She gathered up her purse and hurried away like I was going to change my mind. As I watched her walk off, I realized I’d just made the transition from petty shoplifting to some form of white-collar crime.

* * * * * * *

   “Hello? Is this the redefinition unit?”

   “Yes, ma’am.”

   “I got this letter, but I can’t come see you. I got no car, and I can’t climb into the bus anymore.”

   “Do you know anyone who might be able to drive you here, ma’am?”

   “My son has a car.”

   “Have your son bring you in.”

   “He won’t. He lives across town. He’s a bum.”

   “Yes, ma’am. But tell him if he doesn’t bring you down here, your benefits will be cut off and you’ll have to move in with him.”

   “That would serve him right, wouldn’t it.”

   “Yes, ma’am.”

The Boston DO had the typical bureaucratic layout – waiting room out front, boiler room in back. Row upon row of government-issue desks stretched to the rear of the office, where the glassed-in managers resided. My desk was on the center aisle, three-quarters of the way down on the left – uncomfortably close to the managers for my taste.

The rest of the Redetermination Unit was behind me, as was the computer room.

For reasons entirely unknown to me, from the start I was able to get the computer to do things others couldn’t – especially the coveted “force pay,” a claims rep’s last resort when the computer spat back every other command to issue a check. That happened all the time, without logic or pattern, to everyone in the place.

Except me. So several times a week the Operations Supervisor would walk by my desk and toss a file on it. “You’re an asshole,” he’d say, “but you’re the only one who can fix this. Do so.”

“You’d think they could get some decent computers in here, wouldn’t you? Maybe they could trade in those ARS teletype machines from the Coolidge administration.”

“Good idea – one less pain in the ARS.”

The OS snuffed his cigarette out in the ashtray on my desk. Those days you could smoke anywhere.

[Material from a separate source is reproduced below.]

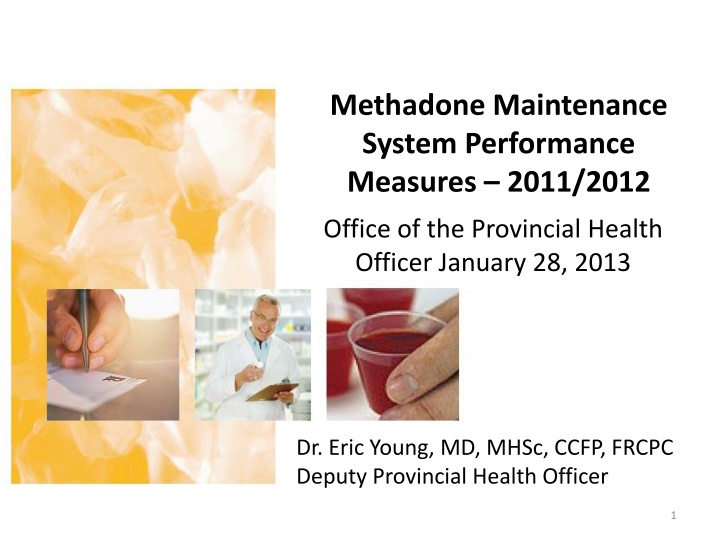 methadone maintenance system performance measures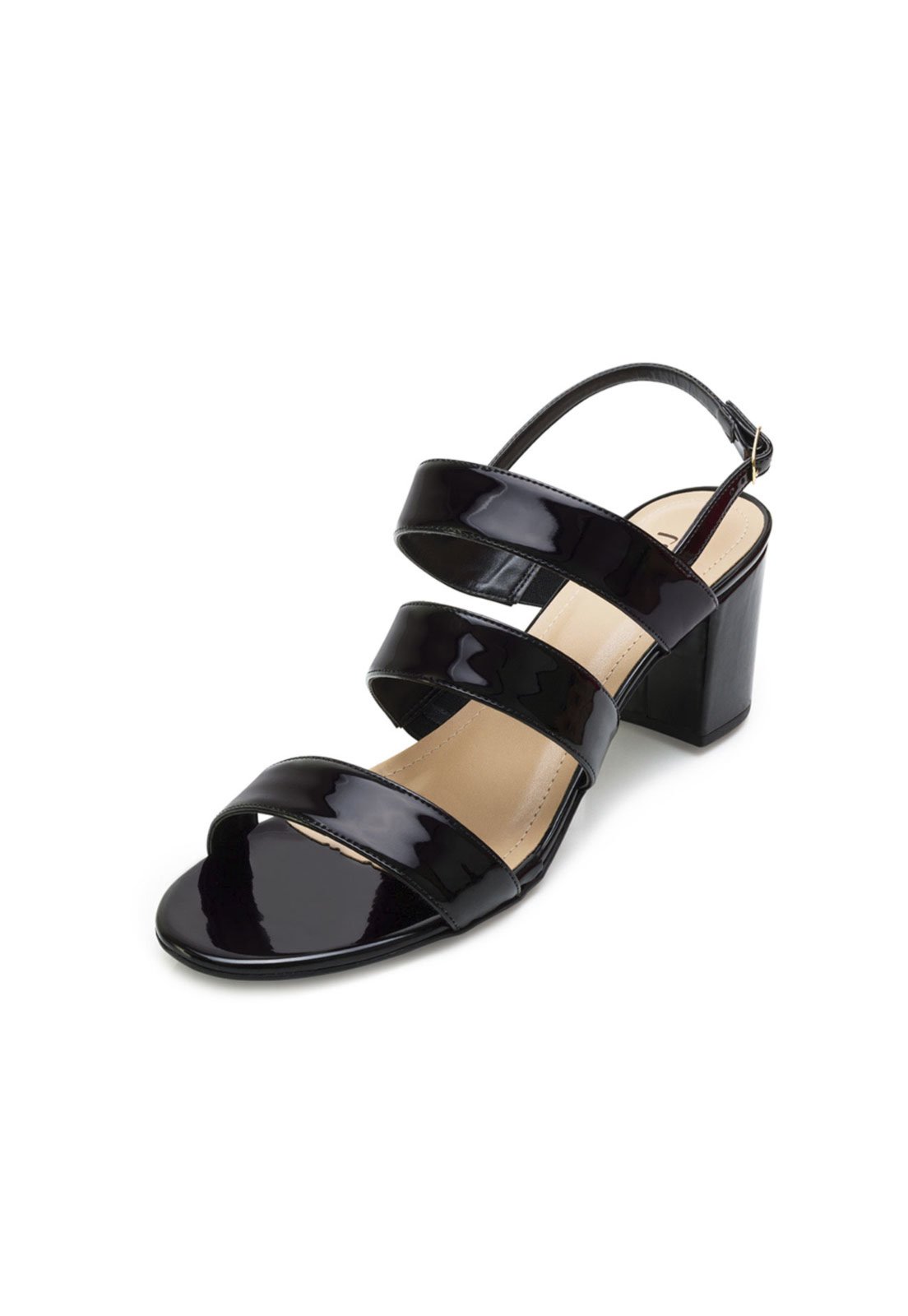 Sandália Lady Queen AM21-1290 Preto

When the Boston DO was filled with claimants, the general atmosphere was a cross between Edward Hopper and Hieronymus Bosch.  One day a claimant walked down the center aisle stripping off articles of clothing and leaving them in his wake. As he approached my desk he had progressed to stepping out of his trousers, a clear signal that it was time to end the show. Several male employees escorted The Stripper and his hastily bundled wardrobe out the door and into the elevator.

The Boston DO was also host to the legendary Lavatory Launderer, who periodically set up shop in the bathroom down the hall and used the sink to wash all his clothes – including that day’s outfit. No one bothered him much, although on laundry day there was a noticeable lack of paper towels in the men’s room.

Then there was the guy who walked into the office one day, shouted “Heil Hitler! Where’s the Gestapo?” and ran back out the door – never to be seen again.

Mostly, though, the DO was host to an unending succession of interchangeable claimants – day in, day out – redetermination letters in hand. They’d walk up the aisle, plop themselves down, and wait for us to do our damnedest. And we generally obliged them. One day I passed by a claims rep’s desk and heard him tell a female applicant, “You’re not disabled enough. You may be a little disabled, but it’s not enough.”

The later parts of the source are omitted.